Lewandowski saiu minutos depois batendo a porta, com o rosto ainda vermelho, segundo pessoas que estavam no corredor. Redigiu enquanto almoçava o documento que tornou público no meio da tarde.
“Reafirmo a autoridade e vigência da decisão que proferi na presente Reclamação para determinar que seja franqueado, incontinenti, ao reclamante e à respectiva equipe técnica, acompanhada dos equipamentos necessários à captação de áudio, vídeo e fotojornalismo, o acesso ao ex-Presidente Luiz Inácio Lula da Silva, a fim de que possam entrevistá-lo, caso seja de seu interesse, sob pena de configuração de crime de desobediência, com o imediato acionamento do Ministério Público para as providência cabíveis, servindo a presente decisão como mandado”, escreveu.
Mais do que reafirmar a decisão, fez questão de se dirigir a Toffoli e a Fux: “O presidente do Supremo, assim como o vice, não são órgãos jurisdicionais hierarquicamente superiores a nenhum dos demais ministros desta Corte”.
Expectativa de mais confusão
Quando acontece uma briga interna no Supremo, o que não tem sido tão atípico quanto os mais contidos gostariam, é normal que todos tomem posição internamente. Mas é comum também que, no plenário, a maioria finja que nada aconteceu. Menos os envolvidos. As trocas de farpas, avaliam assessores e ministros, devem ocorrer nas próximas sessões.
A última desavença pública entre ministros havia ocorrido entre Edson Fachin e Luís Roberto Barroso, também por conta de Lula - daquela vez na sessão do Tribunal Superior Eleitoral que vetou a candidatura do ex-presidente.

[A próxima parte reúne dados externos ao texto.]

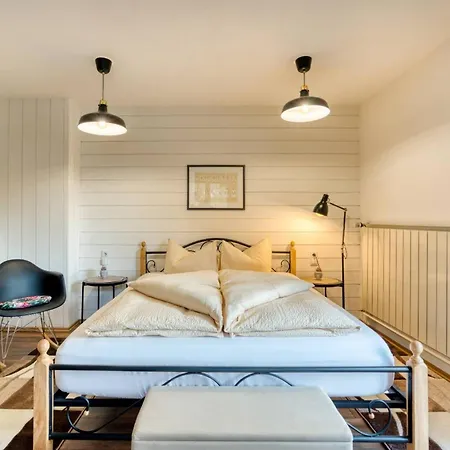 شقة Sweethome Tösenssteinach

PERFIL: Quem é o ministro que comprou briga com colega do STF e liberou entrevista de Lula
Dessa vez, a maior parte dos ministros teceu críticas aos envolvidos. Reservadamente, eles têm afirmado que Lewandowski tratou a lei da liberdade de imprensa de forma abstrata ao decidir sobre a entrevista de Lula e que a questão cabe à Vara de Execuções Penais do Paraná.
Já quanto a Fux, alegam que não caberia a ele decidir sobre a alegação de um partido, já que a contestação, nesse caso, deveria ter partido da Procuradoria-Geral da República (PGR).
Nos julgamentos no STF, Fux e Lewandowski já não se entendiam mesmo antes dessa briga pública. O primeiro costuma se alinhar ao grupo do Ministério Público e sair em defesa de punições mais duras aos condenados por corrupção e outros crimes do colarinho branco.
Já Lewandowski é do grupo chamado de "garantista", que preza pelas liberdades individuais e aplicação textual da lei, sem flexibilizações. Eles se tratavam cordialmente até então. "Agora não devem trocar uma palavra. A não ser algumas farpas no plenário", disse à Gazeta do Povo um ministro em tom irônico.